Exercise details: Strip out the pictures and output each remaining line of the data word for word.

[Short text fragments from websites]

==========

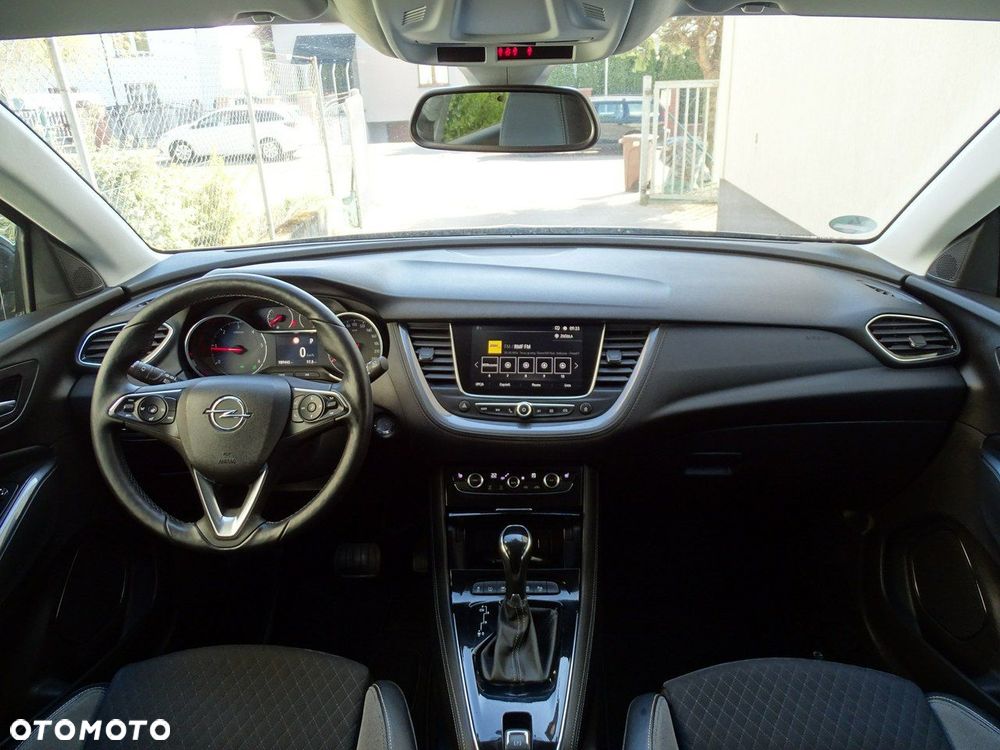 Opel Grandland X - 19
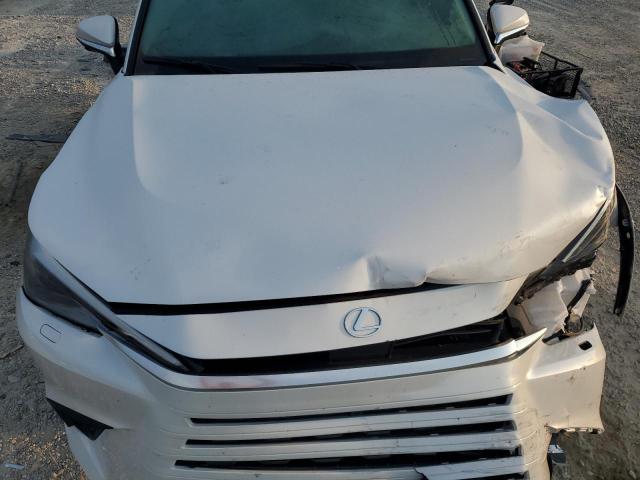 2024 LEXUS TX 350 BAS 5TDAAAA65RS008387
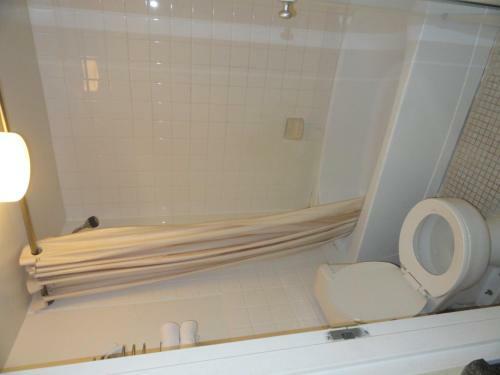 Hotel Grand Rapids Inn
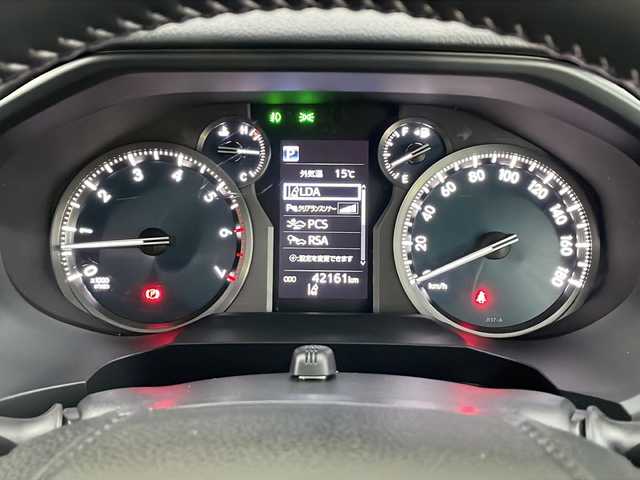 トヨタ ランドクルーザー プラド TX Lパッケージ 香川県 2021(令3)年 4.3万km ホワイトパールクリスタルシャイン Toyota Safety Sense/・プリクラッシュセーフティシステム/・レーンディパーチャーアラート/・オートマチックハイビーム/・レーダークルーズコントロール/・ロードサインアシスト/ディーラーオプション9インチナビ/→フルセグ/CD/DVD/Bluetooth/バックカメラ/サンルーフ/ブラックレザーシート/前席シートヒーター/ベンチレーション/MTモード付AT/LEDオートライト/LEDフォグランプ/革巻きステアリング/ステアリングリモコン/横滑り防止装置/盗難防止装置/純正ドライブレコーダー/ビルトインETC2.0/プッシュスタート/スマートキー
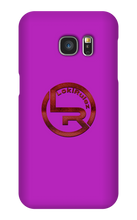 lokirulez Samsung Phone Cases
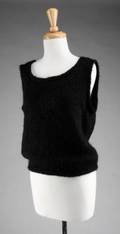 MARILYN MONROE SWEATER
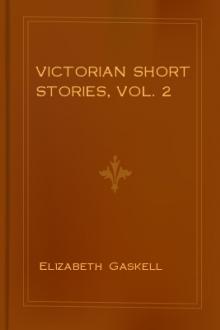 Victorian Short Stories, Vol. 2 by Unknown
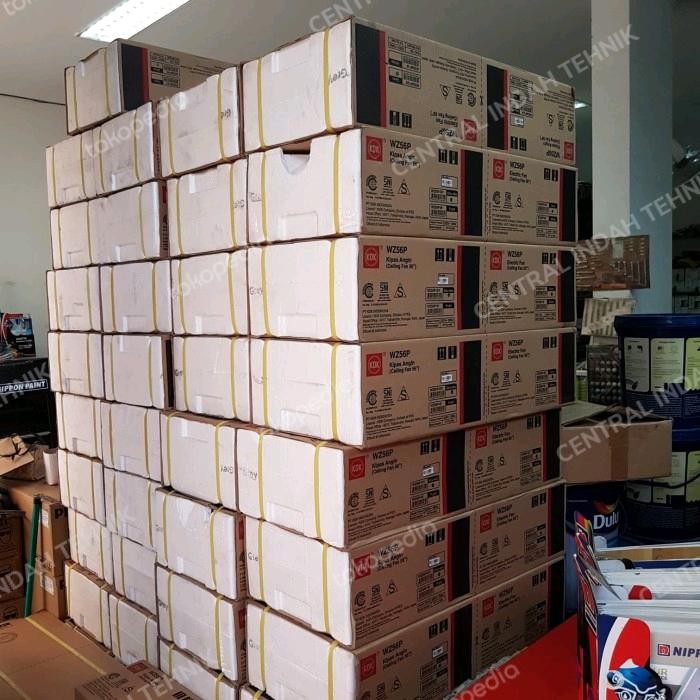 KIPAS ANGIN ( CEILING FAN 56") WZ56P KDK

==========

Solved exercise:
 Opel Grandland X - 19
 2024 LEXUS TX 350 BAS 5TDAAAA65RS008387
 Hotel Grand Rapids Inn
 トヨタ ランドクルーザー プラド TX Lパッケージ 香川県 2021(令3)年 4.3万km ホワイトパールクリスタルシャイン Toyota Safety Sense/・プリクラッシュセーフティシステム/・レーンディパーチャーアラート/・オートマチックハイビーム/・レーダークルーズコントロール/・ロードサインアシスト/ディーラーオプション9インチナビ/→フルセグ/CD/DVD/Bluetooth/バックカメラ/サンルーフ/ブラックレザーシート/前席シートヒーター/ベンチレーション/MTモード付AT/LEDオートライト/LEDフォグランプ/革巻きステアリング/ステアリングリモコン/横滑り防止装置/盗難防止装置/純正ドライブレコーダー/ビルトインETC2.0/プッシュスタート/スマートキー
 lokirulez Samsung Phone Cases
 MARILYN MONROE SWEATER
 Victorian Short Stories, Vol. 2 by Unknown
 KIPAS ANGIN ( CEILING FAN 56") WZ56P KDK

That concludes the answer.